# Introduction to Dask

[Dask](https://dask.org/) is an open-source distributed computing framework built to extend the PyData stack. [This issue](https://github.com/dask/dask/issues/4471) on the Dask repo has some architecture diagrams that illustrate Dask's architecture.

Most commonly, people are introduced to Dask as a means to scale Pandas. Pandas can be inefficient because a lot of Pandas operations generate [intermediate copies](https://pandas.pydata.org/pandas-docs/stable/user_guide/scale.html#scaling-to-large-datasets) of data, utilizing more memory than necessary. To effectively handle data with pandas, users preferably need to have [5x to 10x times](https://wesmckinney.com/blog/apache-arrow-pandas-internals/) as much RAM as the size of the dataset. 

Dask scales Pandas by creating a higher level of Pandas DataFrames called the Dask DataFrame. The image below shows this architecture. Each Pandas DataFrame here is referred to as a partition, which is a logical (and physical) grouping of data.

![img](https://user-images.githubusercontent.com/306380/129031375-83547ea2-b3fd-4623-ad9a-e57ddc23a9e6.jpg)

The Dask DataFrame allows us to utilize an interface similar to Pandas to interact with data that lives across a cluster. The following diagram shows the architecture of a Dask cluster.

![img](https://user-images.githubusercontent.com/306380/129031416-fe117b62-83f6-47ce-9227-ba8a50db3bf8.jpg)

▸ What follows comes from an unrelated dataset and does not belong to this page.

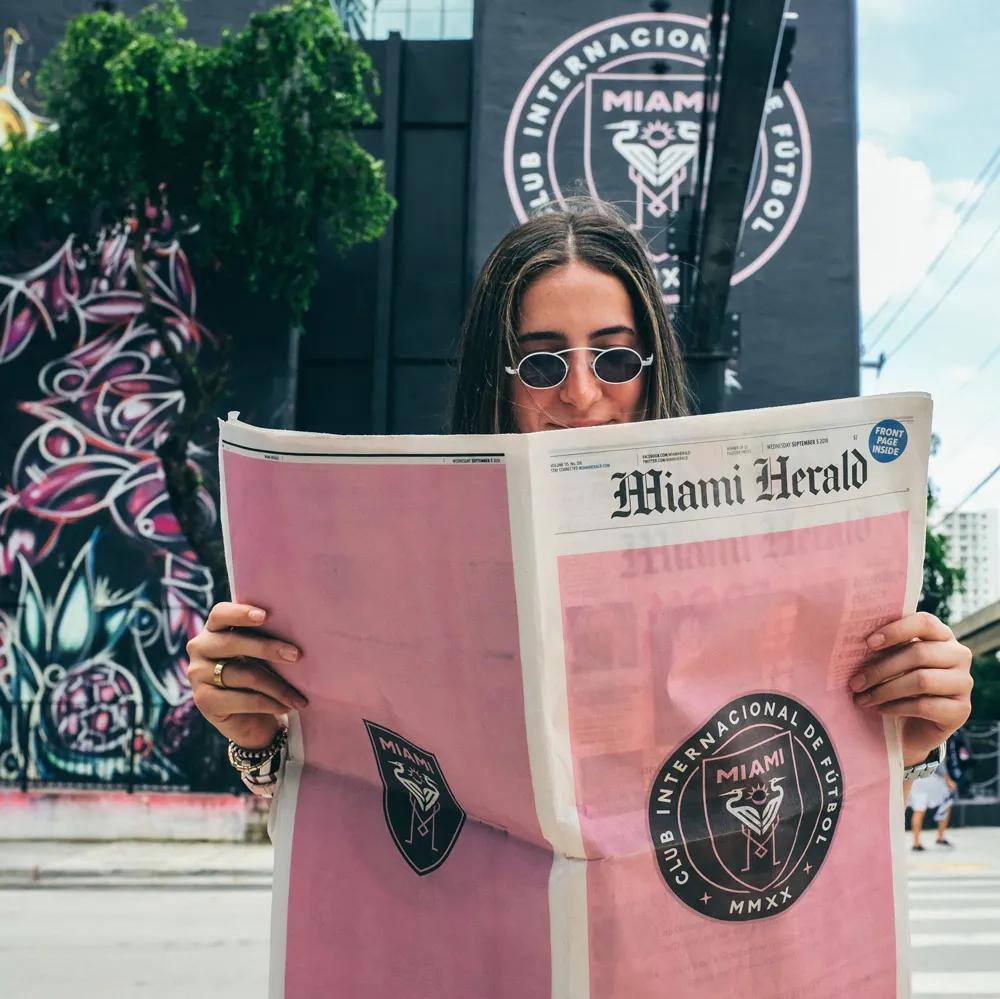 奔驰前面logo黑色的,奔驰疫情最新通报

The Client can give on your local computer, and can submit tasks to the Dask cluster. The Schedeuler is the entrypoint that receives this task and decides which worker to send it to. When using the Dask DataFrame API, Dask handles the lower level managing of sending partitions to workers or rearranging the data across the cluster. This is called a shuffle in distributed compute terms.

## Dask collections

But while we have discussed this in the context of DataFrames, the DataFrame concept is just one of the available collections. The diagram below shows the other available collections.

![img](https://user-images.githubusercontent.com/306380/129031388-6fcd0cd1-9643-4f3d-b4b1-c6e343bbcf08.jpg)

The Dask Bag is like a distributed dictionary or JSON. The Dask Array builds on top of `xarray`. But the collection that is most relevant to workflow orchestration are Futures.

## Dask Futures

Dask Delayed and Dask Futures allow for the submission of arbitrary code to the DAsk scheduler. The Dask scheduler then directs the execution to a worker. The difference is that Dask Delayed is evaluated lazily, allowing the computation graph to compile before execution. Knowing the execution graph ahead of time allows Dask to optimize it by analyzing the data depdenencies and ensuring that workers have all the dependencies they need to execute tasks. Dask Futures, on the other hand are executed immediately.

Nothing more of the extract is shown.